WHAT IS BEING ASKED -
In the records below, the lines between the one holding "31059-villa-for-sale-in-peraleja-golf-resort-25258378-large" and the one holding "Frigidaire Side By Side Door Refrigerator", inclusive, are to be transcribed exactly; no pictures are to be included.

DATA PROVIDED section start

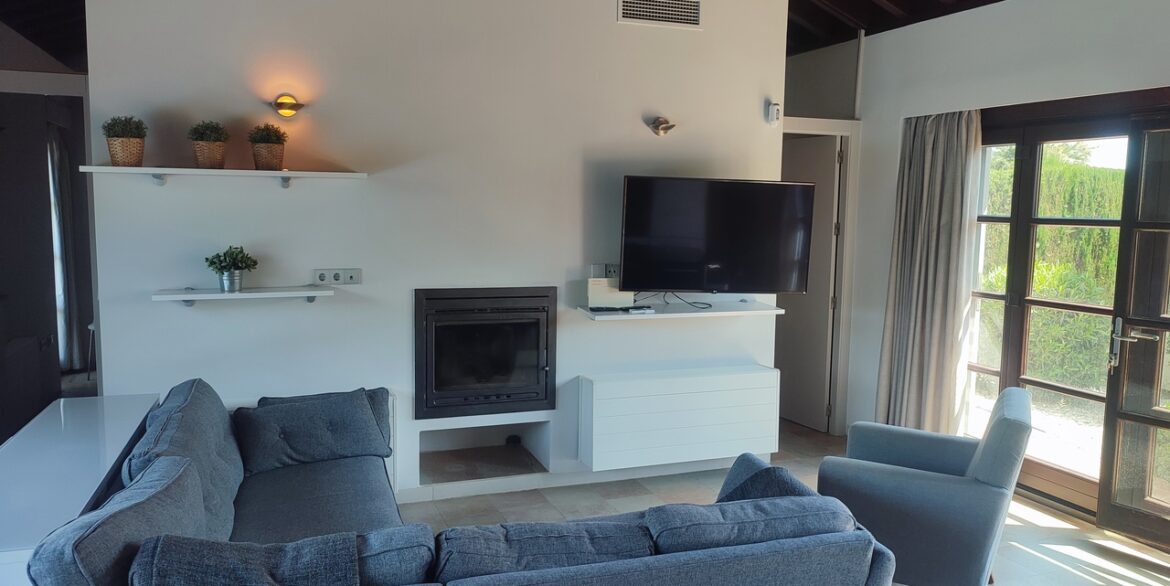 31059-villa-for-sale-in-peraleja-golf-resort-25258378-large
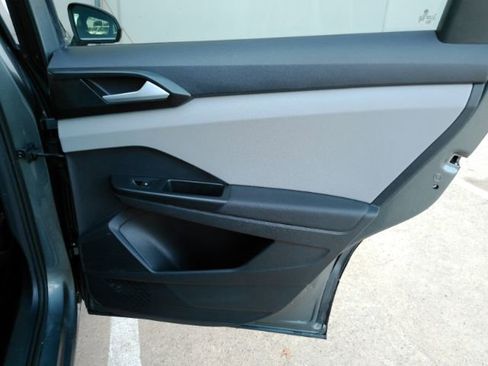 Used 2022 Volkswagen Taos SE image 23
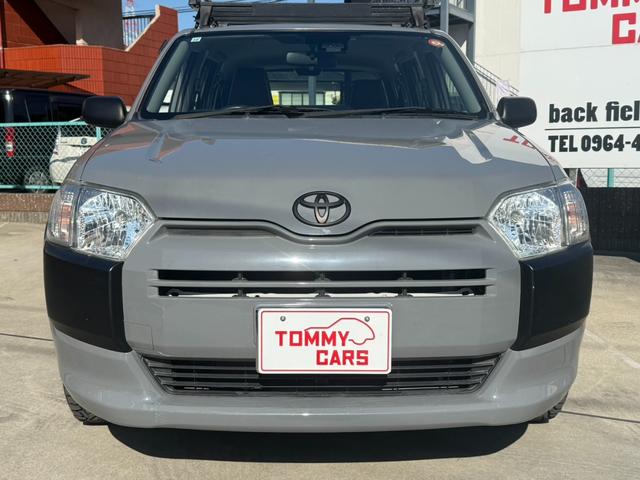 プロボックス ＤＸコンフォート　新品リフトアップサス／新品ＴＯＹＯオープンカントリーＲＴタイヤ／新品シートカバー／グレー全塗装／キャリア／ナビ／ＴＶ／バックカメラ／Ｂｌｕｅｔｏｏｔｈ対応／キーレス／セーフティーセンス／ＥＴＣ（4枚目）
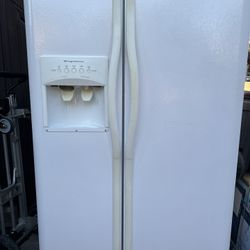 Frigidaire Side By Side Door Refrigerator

DATA PROVIDED section end
DATA PROVIDED section start

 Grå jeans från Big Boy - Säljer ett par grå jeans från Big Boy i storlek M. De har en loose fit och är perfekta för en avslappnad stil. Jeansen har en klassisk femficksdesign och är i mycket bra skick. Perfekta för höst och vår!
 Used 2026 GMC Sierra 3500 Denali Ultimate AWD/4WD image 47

DATA PROVIDED section end

WRITTEN SOLUTION -
 31059-villa-for-sale-in-peraleja-golf-resort-25258378-large
 Used 2022 Volkswagen Taos SE image 23
 プロボックス ＤＸコンフォート　新品リフトアップサス／新品ＴＯＹＯオープンカントリーＲＴタイヤ／新品シートカバー／グレー全塗装／キャリア／ナビ／ＴＶ／バックカメラ／Ｂｌｕｅｔｏｏｔｈ対応／キーレス／セーフティーセンス／ＥＴＣ（4枚目）
 Frigidaire Side By Side Door Refrigerator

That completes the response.